Repeat exactly the line that contains "TikTok video thumbnail by nou.noucha7" and every line after it, down to the last line of the entries below. Do not include pictures.

::: DATASET RECORDS

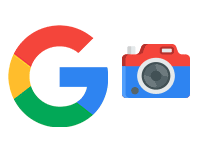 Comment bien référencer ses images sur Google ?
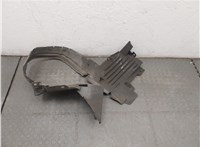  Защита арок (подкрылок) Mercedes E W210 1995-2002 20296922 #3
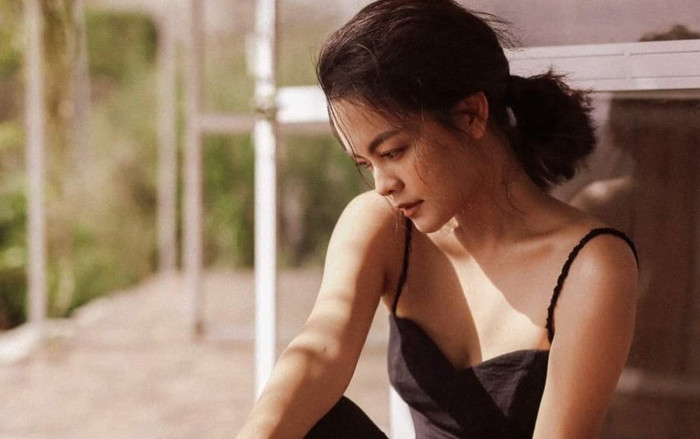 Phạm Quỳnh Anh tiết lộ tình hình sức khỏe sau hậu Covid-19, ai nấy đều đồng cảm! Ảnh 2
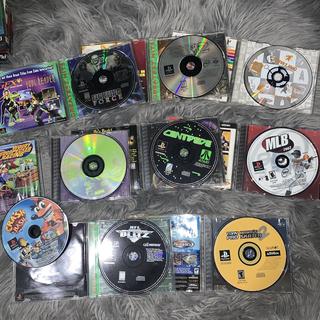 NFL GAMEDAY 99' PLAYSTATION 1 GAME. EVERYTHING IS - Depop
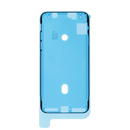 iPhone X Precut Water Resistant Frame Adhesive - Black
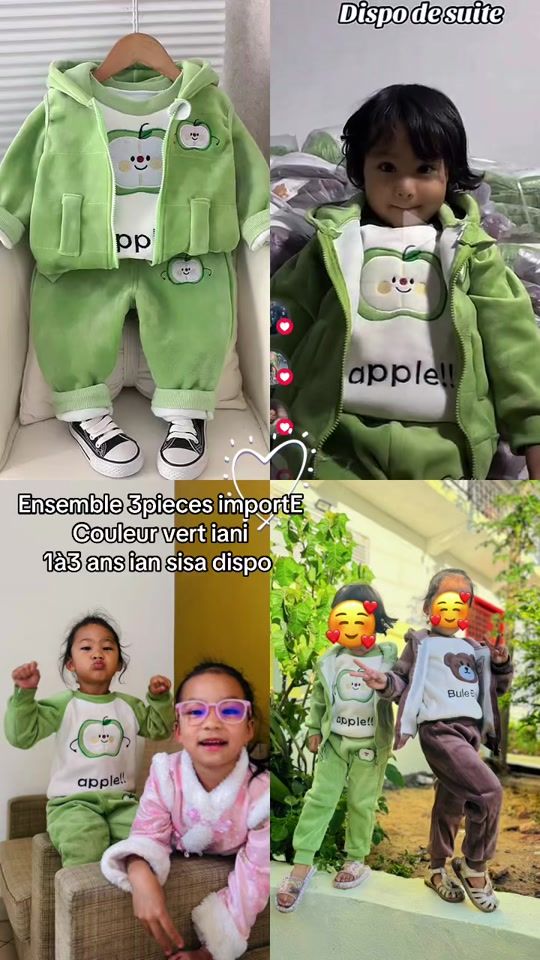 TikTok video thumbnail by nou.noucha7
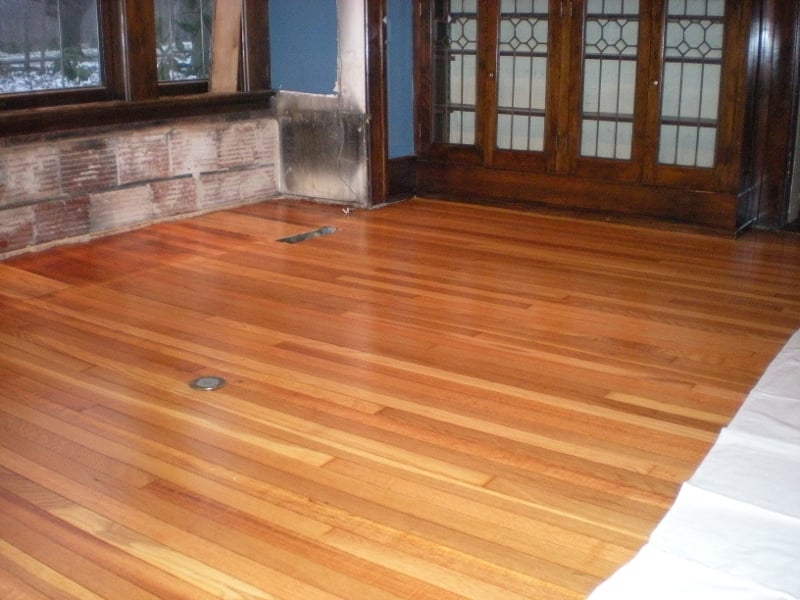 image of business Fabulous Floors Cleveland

::::::

RESULT OF THIS TASK
 TikTok video thumbnail by nou.noucha7
 image of business Fabulous Floors Cleveland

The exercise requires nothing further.